Из угла меня сверлил чей-то взгляд. Даже мне, не особо разбирающемуся в животных, было понятно – такие глаза бывают только у кошек. У крупных, очень крупных и опасных кошек. Вечность. Кажется, столько времени я смотрел на эти два желтых круга хищных глаз. Все как-то стерлось, стало незначимым, исчез страх за жизнь и само ощущение собственного существования. Не было ничего, были только глаза, те, что напротив, и мои. Мы смотрели друг на друга и все. Возможно, это и есть та гармония, к которой все века стремились мятежные души людей. Вот она истинная философия мира. Мысль вторична, бытие –  это мусор, сознание -паразит, не дающий увидеть мгновение. Мгновение – это вечность. Отринь все, смотри в глаза.

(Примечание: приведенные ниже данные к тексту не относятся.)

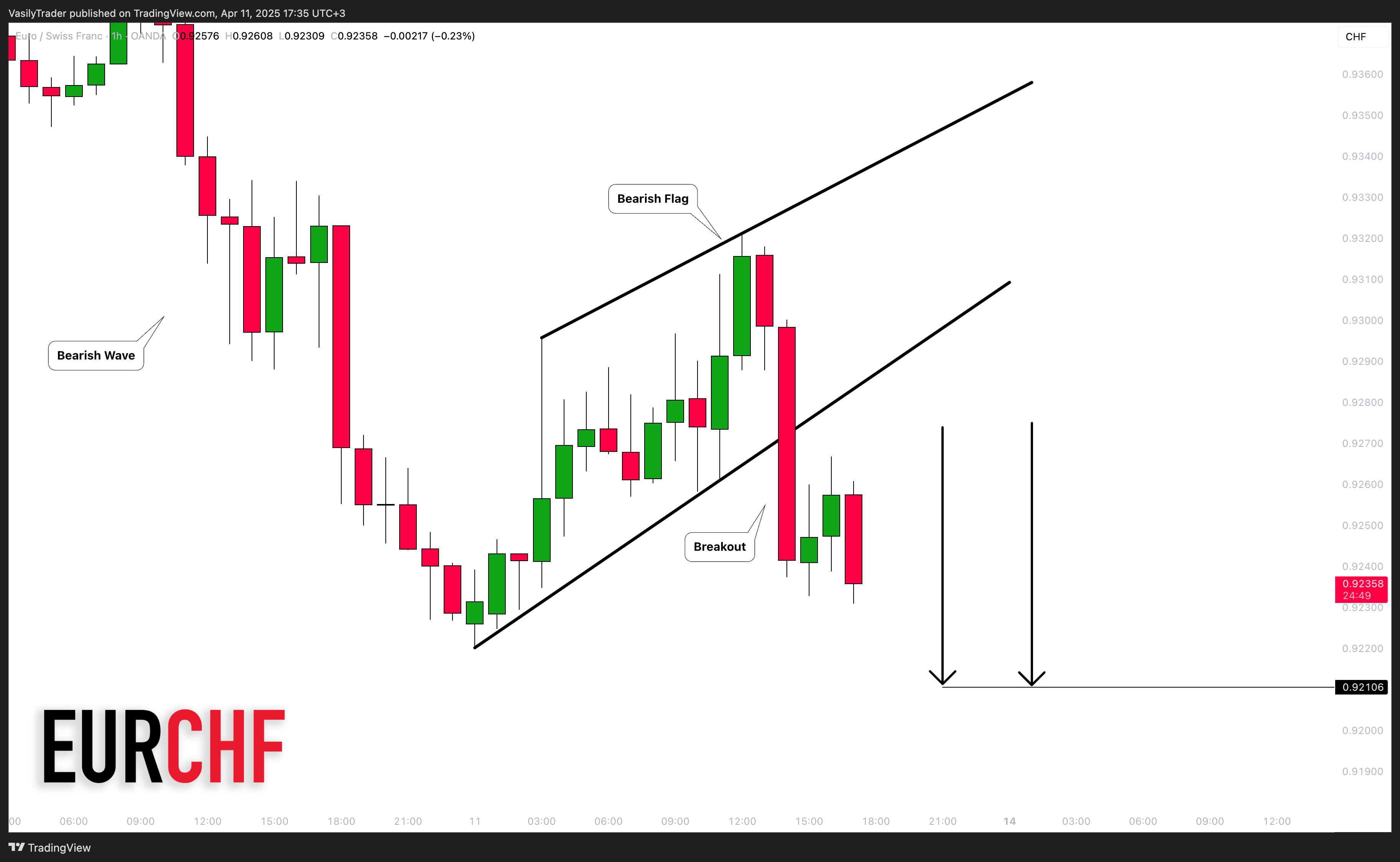 OANDA:EURCHF ภาพชาร์ต โดย VasilyTrader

Через секунду гармония исчезла, ее убил звук. Странный звук, исходивший из угла, где жили эти два огромных глаза. Звук весьма необычный. Как будто толстые металлические пружины, обернутые в толстую сырую кожу, сжатые когда-то, начали свой путь к свободе Сознание подсказало мне, это тугие мышцы перекатываются под шкурой зверя, большие тяжелые мышцы хищника. У хищников всегда так, мышц много, а шкуры пергаментные и стонут мышцы от тесноты, и шелестит шкура, мечтая не треснуть от мощи, что скрыта под ней.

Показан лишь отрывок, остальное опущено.